Un habitant du PK5 en colère, manifeste près du siège de la Minusca à Bangui, le 11 avril 2018
Un habitant du PK5 en colère, manifeste près du siège de la Minusca à Bangui, le 11 avril 2018

"L'audience de la Cour pénale spéciale est ouverte !" déclame un homme en tenue de magistrat dans la capitale centrafricaine Bangui.

Face à lui, ni juges, ni accusés, mais une centaine de spectateurs amusés, venus assister à la première représentation d'une pièce de théâtre visant à sensibiliser les Centrafricains à la création et au fonctionnement de la Cour pénale spéciale (CPS).

Créée en 2015, la CPS entend juger les violations graves des droits de l'homme - crimes de génocides, crimes de guerre, crimes contre l'humanité - commises dans le pays depuis 2003.

"Oh ma fille, ma chérie, tu n'es plus avec moi, ils t'ont violée, ils t'ont ôté ta vie!" sanglote une des actrices, hurlant sa douleur, s'effondrant à terre, avant de se relever et de serrer les poings: "Je vais rendre ma propre justice, oeil pour oeil, dent pour dent !".

"Nous pourrions aussi faire appel à la CPS!", propose timidement une autre actrice, un dossier sous le bras.

Tantôt tristes, tantôt comiques, les scènes retracent, à travers des drames personnels, l'histoire tumultueuse des flambées de violences de la Centrafrique, aujourd'hui sous la domination de groupes armés qui en contrôlent la grande majorité du territoire.

A mesure que la pièce se déroule, la douleur, l'impuissance, le désir de vengeance des personnages s'effacent devant l'espoir d'obtenir justice et réparation, grâce à la CPS.

"La pièce s'efforce de développer et commenter le mandat de la Cour pénale spéciale et de spécifier la collaboration entre la CPS et les autres juridictions en charge de la lutte contre l'impunité", explique cette institution dans un communiqué.

"Il y a des choses qu'on ne savait pas (sur la CPS) et en suivant ce théâtre-là, on a appris beaucoup de choses", abonde Armande Wangue, venue assister à une représentation à l'Alliance Française de Bangui qui a fourni un appui technique décisif.

- Nous irons "partout" -

Son directeur, Olivier Colin, s'enthousiasme de ce projet: "Les comédiens vont jouer dans des villages, dans des villes où il n'y a pas d'espace scénique, donc ils vont être au coeur des habitations, sur des places publiques avec les populations".

La tournée, qui commence le 9 octobre, passera par la majorité des grandes villes du pays. "Nous allons aller partout !" s'exclame l'un des acteurs, Benjamin Wagba.
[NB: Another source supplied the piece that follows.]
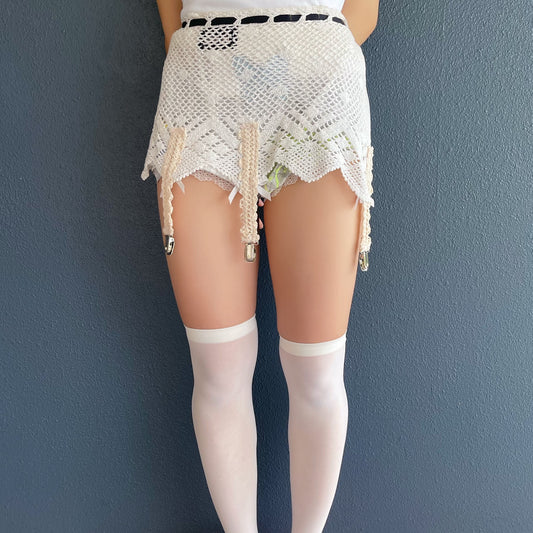 CROCHET BELT WITH SILK APPLIQUE / WHITE BLUE / クロシェベルト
Ruisselant de sueur sous sa lourde robe de magistrat, il ajoute, à la fin de la représentation: "Le théâtre distrait et à la fin c'est l'éducation. C'est ce qu'on essaie de faire, avec le langage de chez nous que tous les Centrafricains comprennent bien ".

Cette pièce fait partie des quelque 80 activités de sensibilisation menées par la CPS et ses partenaires, à Bangui et en province, dont des interventions d'organisations de défense des droits de l'homme ou une bande dessinée éducative.
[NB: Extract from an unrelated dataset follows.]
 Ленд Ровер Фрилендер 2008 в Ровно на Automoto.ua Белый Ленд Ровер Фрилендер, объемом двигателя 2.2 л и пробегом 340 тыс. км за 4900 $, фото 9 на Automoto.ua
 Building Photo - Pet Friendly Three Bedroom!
Le procureur spécial de la CPS, Toussaint Muntazini avait annoncé, fin juin, l'ouverture des premières enquêtes avant la fin de l'année.

Un calendrier qui semble bien optimiste à certains observateurs, tant les défis sont nombreux dans ce pays qui reste sous la coupe de groupes armés.

Le procureur lui-même avait évoqué les difficultés rencontrées: sécurité et protection des témoins, détention des suspects de la CPS qui nécessite des travaux de réhabilitation des prisons.

Il avait également cité "la précarité des ressources financières allouées" à la CPS, dont le financement actuel ne couvre qu'une année de frais de fonctionnement.